State Sen. Scott Martin, chair of the Senate Education Committee, said the provision will put Pennsylvania schools on a level playing field when it comes to recruiting. “This is critical for collegiate athletic programs in Pennsylvania so they will not be put at a competitive recruiting disadvantage after July 1, as many states will be implementing enabling rules,” he said.
This year’s code bills included a number of other major policy changes, including the repeal of a major regulation that would have expanded overtime eligibility for Pennsylvania workers.
The overtime expansion was sought by the Wolf administration, which said last year that the regulation would have resulted in new overtime eligibility for more than 80,000 workers. Wolf nearly traded the overtime rule for a minimum wage increase in 2019, but the bill died in the House and the governor continued to move the overtime expansion through the regulatory process.

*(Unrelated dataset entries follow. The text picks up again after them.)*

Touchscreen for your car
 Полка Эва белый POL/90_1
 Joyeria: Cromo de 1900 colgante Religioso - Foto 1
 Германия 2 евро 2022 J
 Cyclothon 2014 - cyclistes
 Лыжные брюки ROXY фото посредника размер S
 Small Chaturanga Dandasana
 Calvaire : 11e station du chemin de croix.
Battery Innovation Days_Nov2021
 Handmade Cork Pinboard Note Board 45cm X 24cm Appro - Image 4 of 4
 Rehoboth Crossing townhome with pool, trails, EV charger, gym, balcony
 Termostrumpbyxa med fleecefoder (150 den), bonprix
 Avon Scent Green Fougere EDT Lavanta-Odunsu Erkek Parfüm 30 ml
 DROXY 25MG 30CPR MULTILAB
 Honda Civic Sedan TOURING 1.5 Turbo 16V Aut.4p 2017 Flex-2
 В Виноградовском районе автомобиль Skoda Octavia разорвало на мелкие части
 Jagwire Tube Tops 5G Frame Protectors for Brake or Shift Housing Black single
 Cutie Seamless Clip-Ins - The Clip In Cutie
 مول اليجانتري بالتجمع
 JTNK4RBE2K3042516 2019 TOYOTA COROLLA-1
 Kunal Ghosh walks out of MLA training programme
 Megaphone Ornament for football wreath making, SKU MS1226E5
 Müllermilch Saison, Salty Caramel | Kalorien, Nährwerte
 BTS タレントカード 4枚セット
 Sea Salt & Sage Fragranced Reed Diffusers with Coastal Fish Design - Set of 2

According to a report from the AP, repealing the overtime rule was part of a trade to secure the $100 million needed for the “Level Up” initiative that will drive out funds to the state’s poorest schools.
Multiple new tax breaks were also created under this year’s budget, including breaks for flight simulators, and a sales and use tax exemption for the purchase of computer equipment to be used at a state-certified computer data center.
Additionally, the state’s Independent Fiscal Office will now be required to conduct dynamic scoring of all proposed legislation that will have an impact on taxpayers of $50 million or greater. Under the provision, the IFO will be required to provide analyses that take into account the behavioral responses of taxpayers and other potential impacts from the legislation.